Multiline log parsing

Hi,
I am using grok pattern to get date from filename and that is working fine. Now i need to parse multiline log event along with date from filename.

Log:

8480 12:33:38 ERROR Error while rendering view: '/Views/Article/ads.cshtml' (model: 'Informa.Web.ViewModels.RelatedDealsModel, Informa.Web').

Exception: System.InvalidOperationException
Message: Error while rendering view: '/Views/Article/ArticleRelatedDeals.cshtml' (model: 'Informa.Web.ViewModels.ads.RelatedDealsModel, Informa.Web').

Source: Sitecore.Mvc
at Sitecore.Mvc.Presentation.ViewRenderer.Render(TextWriter writer)
at Informa.Library.CustomSitecore.Pipelines.RenderRenderings.ExecuteRenderer.Render(Renderer renderer, TextWriter writer, RenderRenderingArgs args) in D:\jenkins\jobs\prodFE\workspace\src\Informa.Library\CustomSitecore\Pipelines\RenderRenderings\ExecuteRenderer.cs:line 21

Nested Exception

Exception: System.NullReferenceException
Message: Object reference not set to an instance of an object.
Source: Informa.Library
at Informa.Library.Article.Companies.RelatedDealsService.b__3_2(Deal c) in D:\jenkins\jobs\prodFE\workspace\src\Informa.Library\Article\Companies\RelatedDealsService.cs:line 29
at System.Linq.Enumerable.WhereSelectArrayIterator`2.MoveNext()
at ASP._Page_Views_Article_ArticleRelatedDeals_cshtml.Execute() in D:\inetpub\wwwroot\INFORMA\Website\Views\Article\ArticleRelatedDeals.cshtml:line 8
at System.Web.WebPages.WebPageBase.ExecutePageHierarchy()
at System.Web.Mvc.WebViewPage.ExecutePageHierarchy()
at System.Web.WebPages.WebPageBase.ExecutePageHierarchy(WebPageContext pageContext, TextWriter writer, WebPageRenderingBase startPage)
at System.Web.Mvc.Html.PartialExtensions.Partial(HtmlHelper htmlHelper, String partialViewName, Object model, ViewDataDictionary viewData)
at Sitecore.Mvc.Presentation.ViewRenderer.Render(TextWriter writer)

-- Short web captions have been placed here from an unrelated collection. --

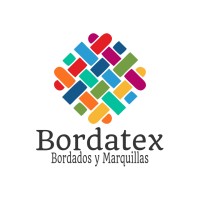 Bordatex logo, Bordatex contact details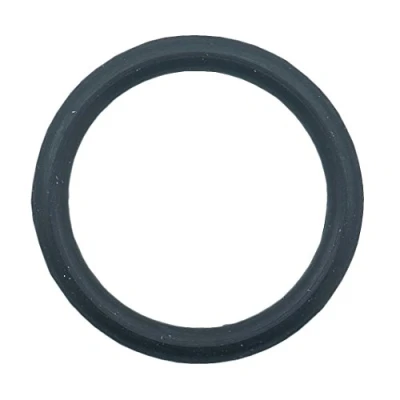 Afbeelding van Cornat O ringen voor schroef. 13,8 x 2 mm (4), TEC380251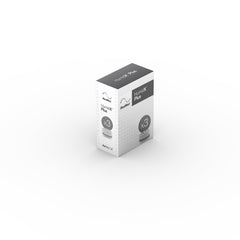ResMed AirMini HumidX Plus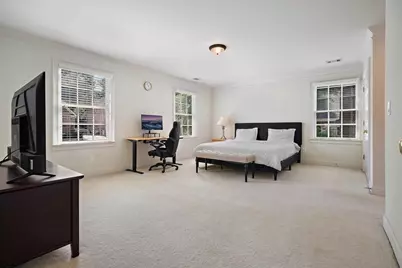 10470 Stanyan Street, Alpharetta, GA 30022 - Photo 33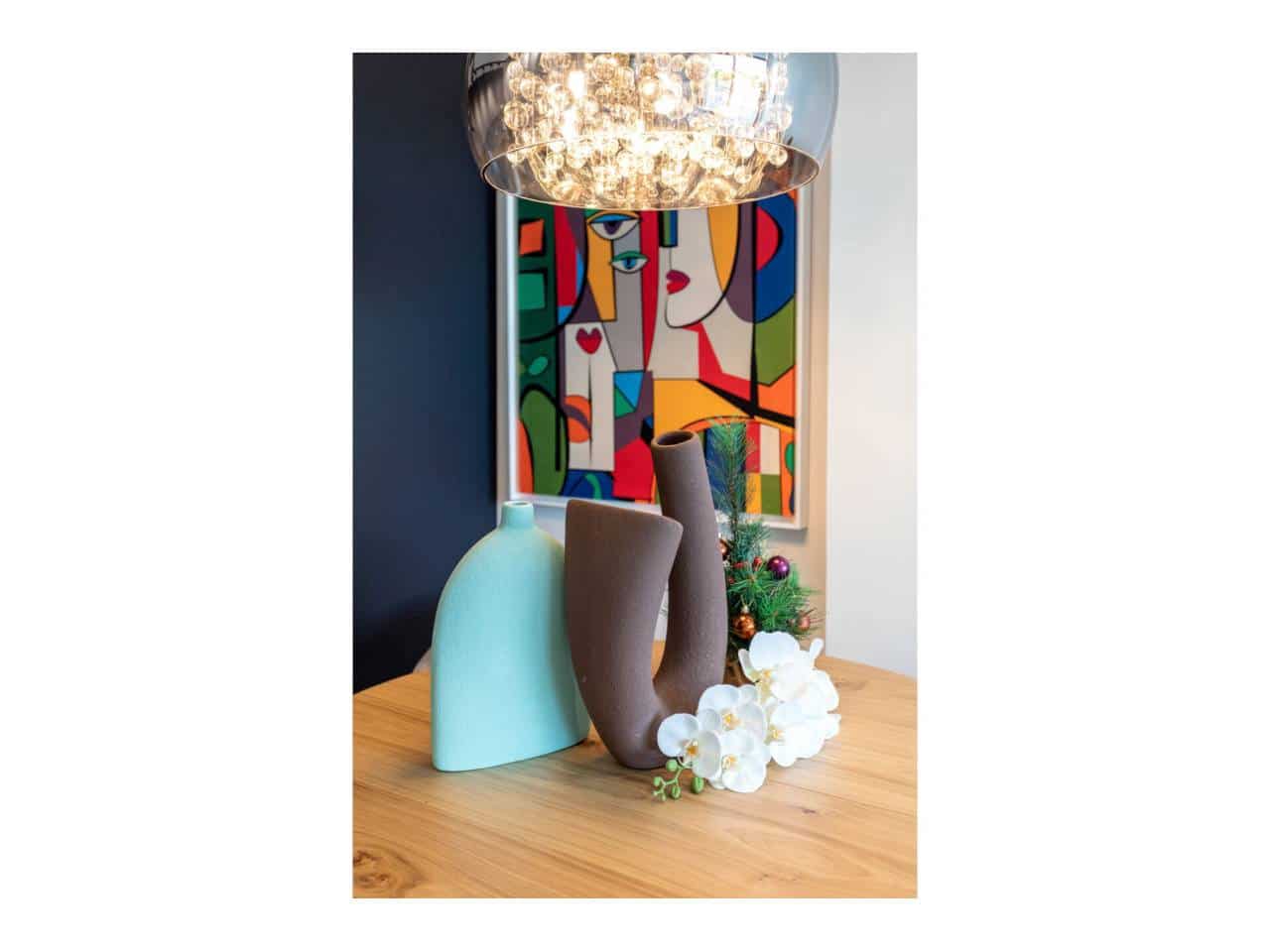 2 Zimmer Bungalow zu verkaufen in Finestrat mit Pool Garage - 355.000 € (Ref: 8941050)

Please suggest grok to parse this multiline log.

I am using filebeat.yml as:
-
paths:
- /app/logs/sitecore/log.*
input_type: log
document_type: sitecore_log
pattern: '[[:digit:]]{4}[[:space:]][[:digit:]]{2}:[[:digit:]]{2}:[[:digit:]]{2}'
negate: true
match: next

logstash config:

 if [type] == "sitecore_log" {
    multiline {
      patterns_dir => "/etc/logstash/conf.d/patterns"
      pattern => "(^%{INT})|(^%{WORD})"
      negate => "true"
      what => "next"
    }
        grok {
         patterns_dir => ["/etc/logstash/conf.d/patterns"]
         match => [ "message", "(%{INT:pid}|%{WORD:heartbeat}) %{TIME:time} %{LOGLEVEL:loglevel} (%{GREEDY_DATA:sitecore_log}|%{GREEDY_DATA:rewrite_log})" ]
             }
        grok {
        match => ["source", "(%{YEAR:year}%{MONTHNUM:month}%{MONTHDAY:day}\.%{HOUR:hour}%{MINUTE:minute}%{SECOND:second}\.txt$)"]
        add_field => ["timestamp", "%{year}-%{month}-%{day} %{time}"]
         }
        mutate {
        remove_field => ["year", "month", "day", "hour", "minute", "second"]
                }
        date {
        match => ["timestamp", "yyyy-MM-dd HH:mm:ss", "yyyy-MM-dd HH:mm:ss.SSSZ"]
        target => "@timestamp"
        }
        mutate {
        gsub => [
        "message","\n"," ",
        "message","\r",""
                ]
         }
   }

Thanks. This has been fixed.

This topic was automatically closed 28 days after the last reply. New replies are no longer allowed.